Avant de passer la main, en 1978, à Ed Koch (qu’on aperçoit brièvement sur les images d’archives couturées qui constituent le générique de début), Abraham D. Beame, le maire de New York depuis 1974, aura tenté d’éviter la faillite municipale en laissant la porte ouverte aux investisseurs plus ou moins vertueux, décidés à profiter de la situation.
Son successeur devra tenter de nettoyer la ville, en particulier le quartier de Times Square, bordé au sud par la 42e Rue, afin d’y faire venir les touristes. Mais il faut composer avec la Mafia, qui contrôle beaucoup des établissements interlopes du quartier, et la police municipale, qui sait vain cet espoir assainissant.
Du trottoir à la réalisation
Entre-temps, la pornographie s’est considérablement développée. Les longs-métrages « X » ont, depuis 1971, littéralement pignon sur rue ainsi que leur cérémonie de récompenses à Los Angeles, où l’on retrouve Eileen (Maggie Gyllenhaal), passée du trottoir à la réalisation, qui tente de porter un regard nouveau sur ce genre.
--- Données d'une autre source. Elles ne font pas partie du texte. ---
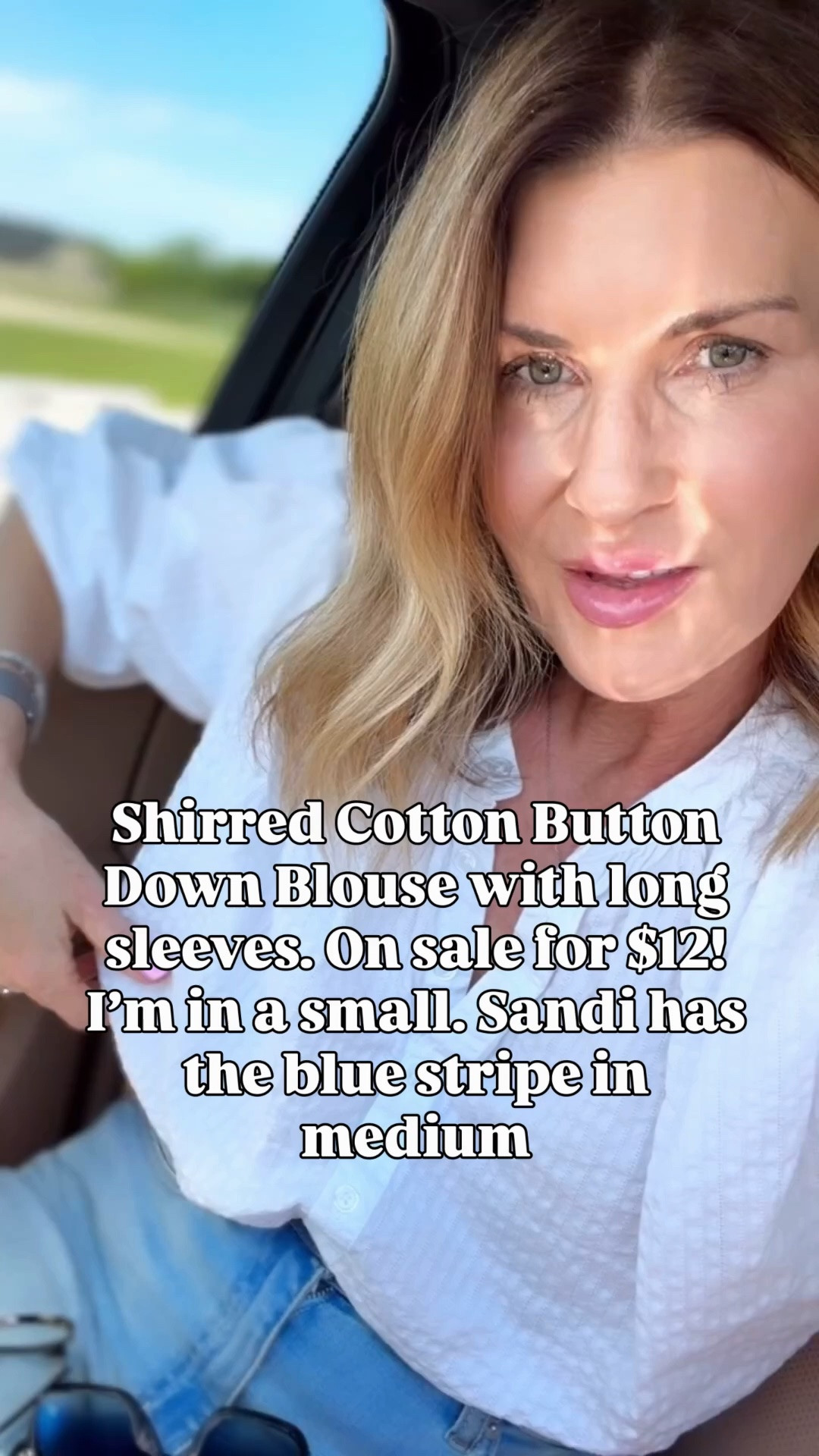 The cutest cotton button down blouse on sale for $12! I’m in a small. Sandi has in blue stripe and wears a medium

#LTKOver40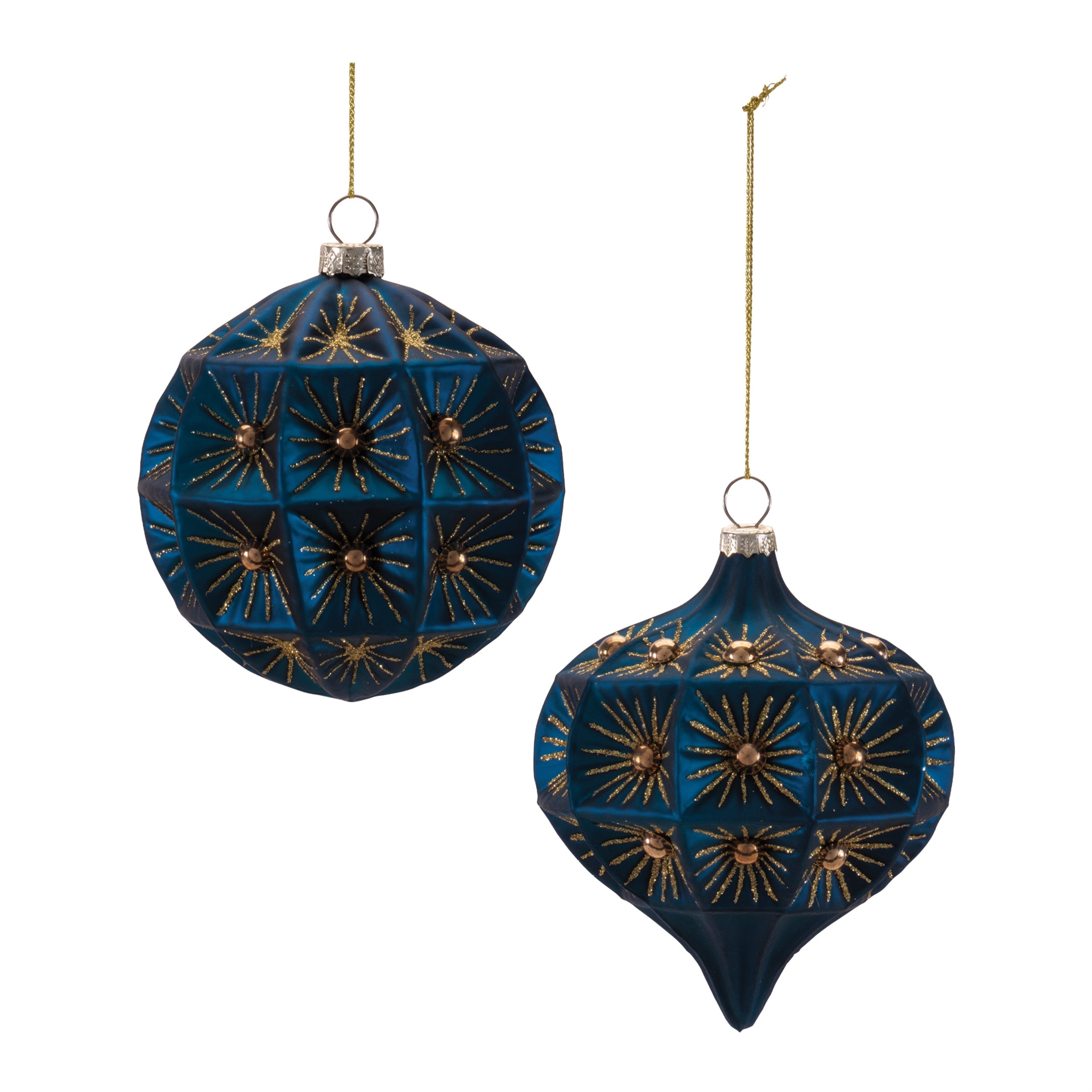Midnight Blue with Gold Starburst Ornaments Set of 2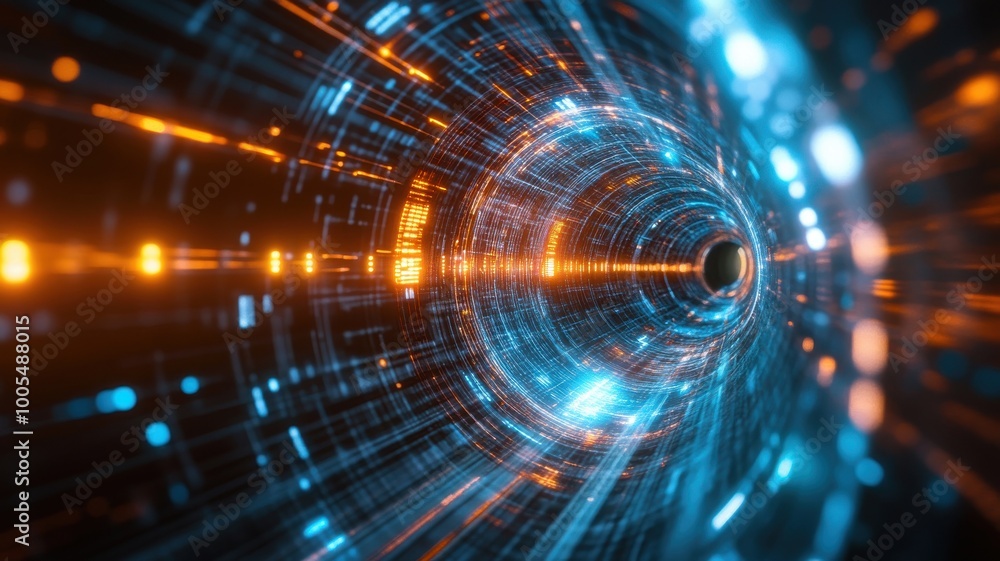 Futuristic tunnel with glowing lights, vibrant blue and orange colors, abstract design. Futuristic tunnel with glowing lights, vibrant blue and orange colors, abstract design.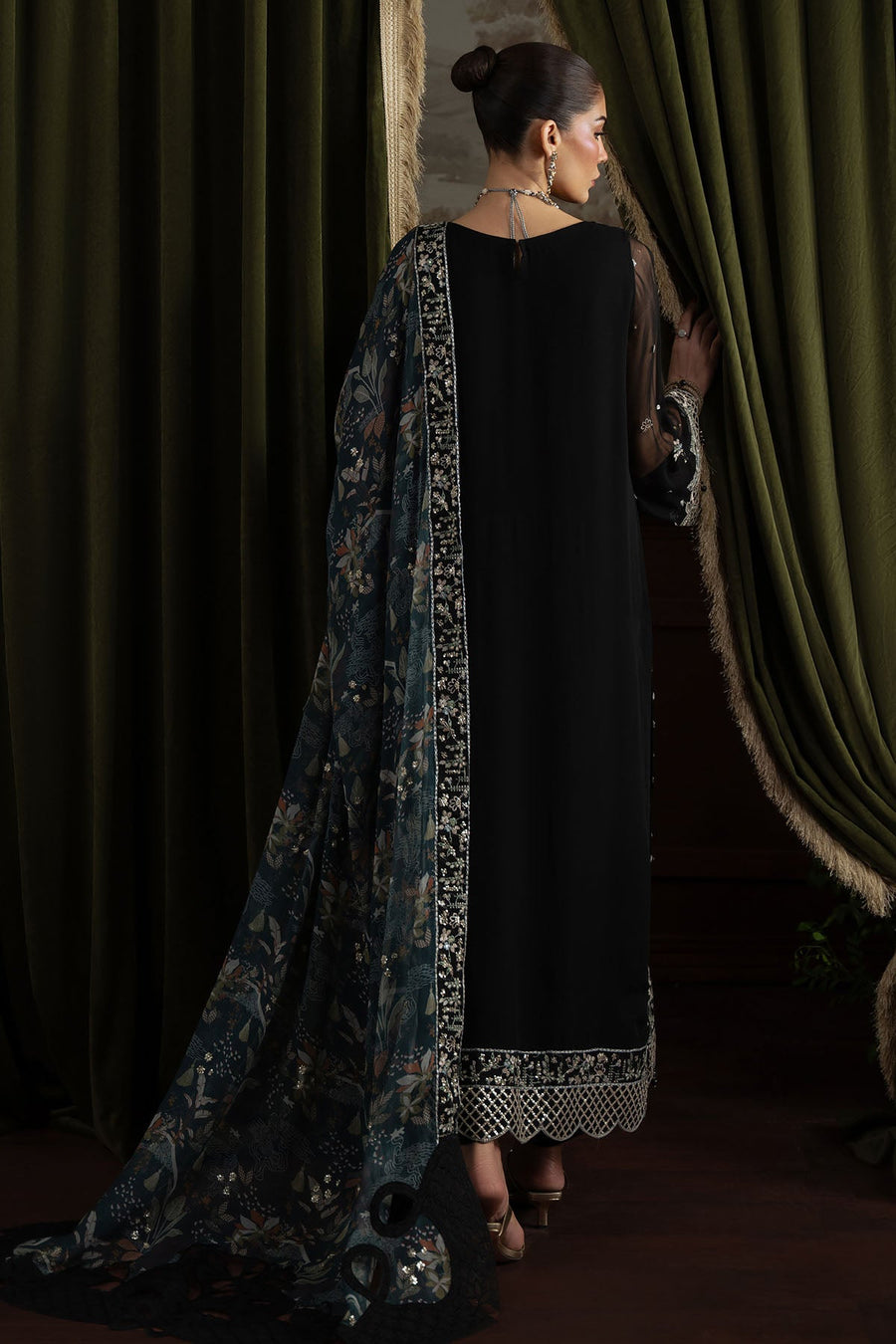 Nureh Elanora Embroidered Luxury Chiffon Unstitched 3Pc Suit NEL-75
Désormais, à la station de bus terminale de New York, ce ne sont plus des jeunes filles naïves que viennent lever leurs futurs macs afro-américains, mais des actrices venues à leur premier casting porno : elles cherchent un agent, pas un souteneur. L’époque change au point que les macs eux-mêmes vont tenter de faire valoir à l’écran leurs avantages anatomiques.
« Tu n’es pas du bon côté de l’Oreo » [un biscuit à la vanille et au chocolat] », dit à une jeune actrice noire un réalisateur à qui celle-ci réclame d’être autant payée qu’une collègue blanche : il faudra en effet du temps avant que la mixité raciale soit acceptée dans l’industrie (le porno gay ayant à cet égard été précurseur).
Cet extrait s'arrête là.